▶ Action item
Repeat all entries word for word; skip images.

▶ Records for this exercise
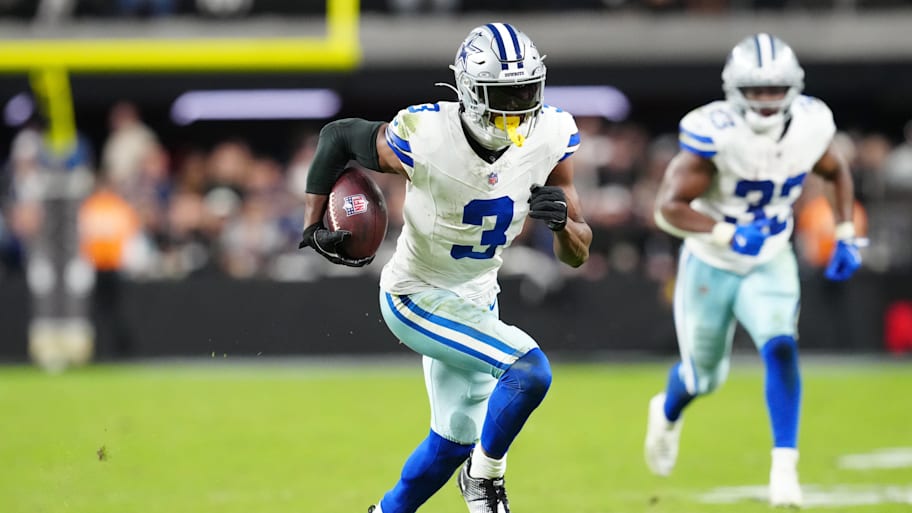 Jaxon Smith-Njigba’s contract with the Seahawks could impact George Pickens’s negotiations with the Cowboys.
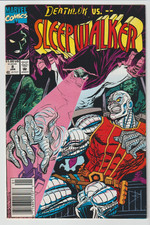 Cover of Sleepwalker #8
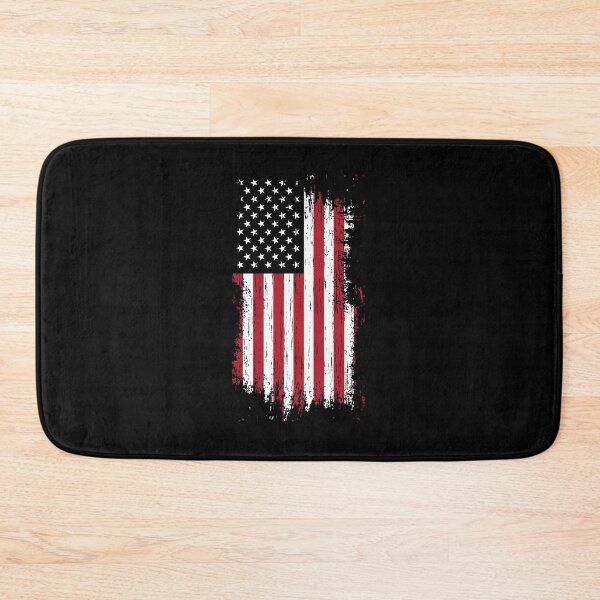 Item preview, American Grunge Flag designed and sold by Store-Designify.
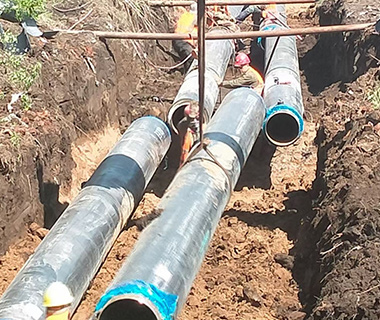  黑龍江省伊春市金林區(qū)西林經(jīng)濟(jì)開(kāi)發(fā)區(qū)白林片區(qū)供熱建設(shè)項(xiàng)目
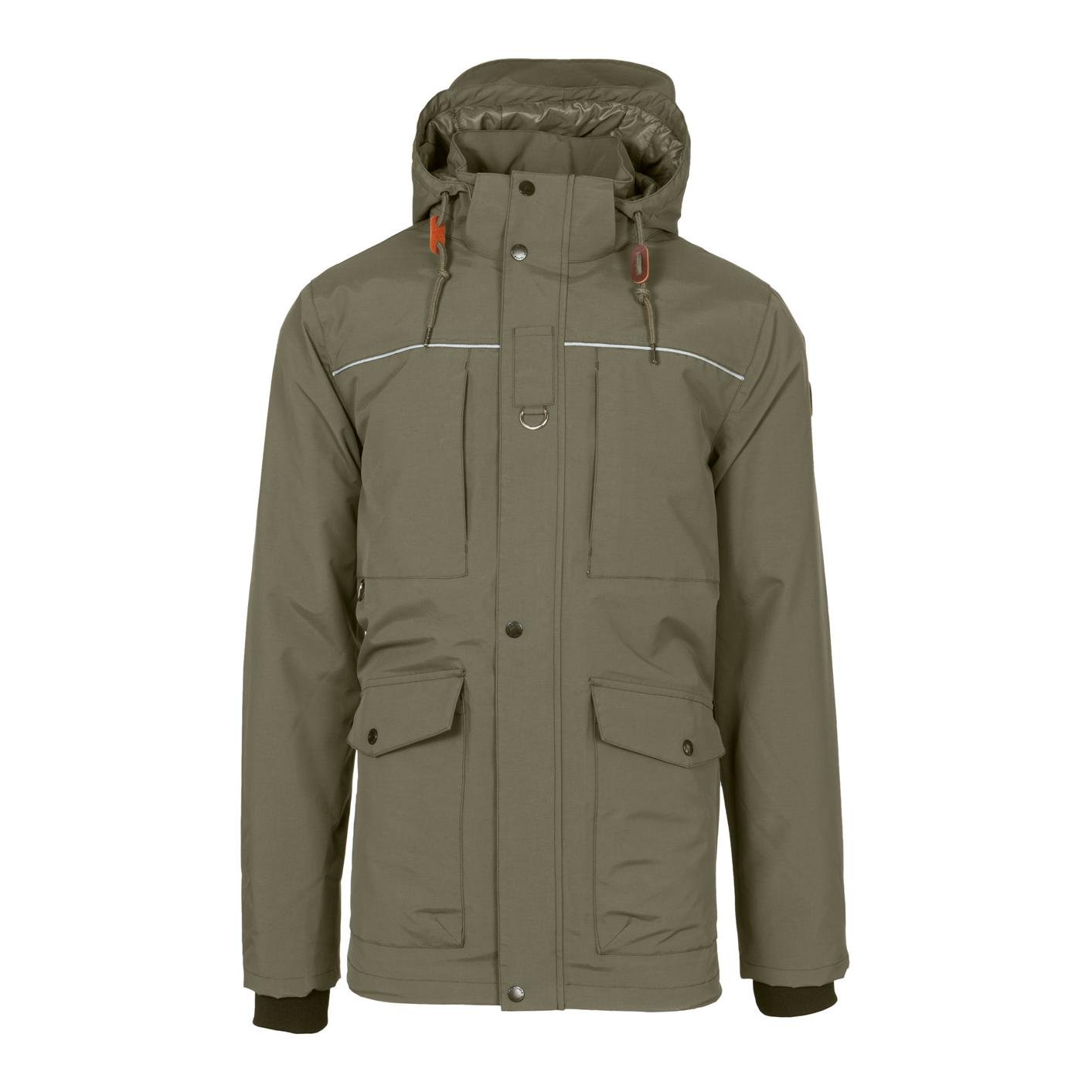 Image of Rukka Woof Parka Herren - ivy green bei Hauptner.ch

▶ Answer to this exercise
 Jaxon Smith-Njigba’s contract with the Seahawks could impact George Pickens’s negotiations with the Cowboys.
 Cover of Sleepwalker #8
 Item preview, American Grunge Flag designed and sold by Store-Designify.
  黑龍江省伊春市金林區(qū)西林經(jīng)濟(jì)開(kāi)發(fā)區(qū)白林片區(qū)供熱建設(shè)項(xiàng)目
 Image of Rukka Woof Parka Herren - ivy green bei Hauptner.ch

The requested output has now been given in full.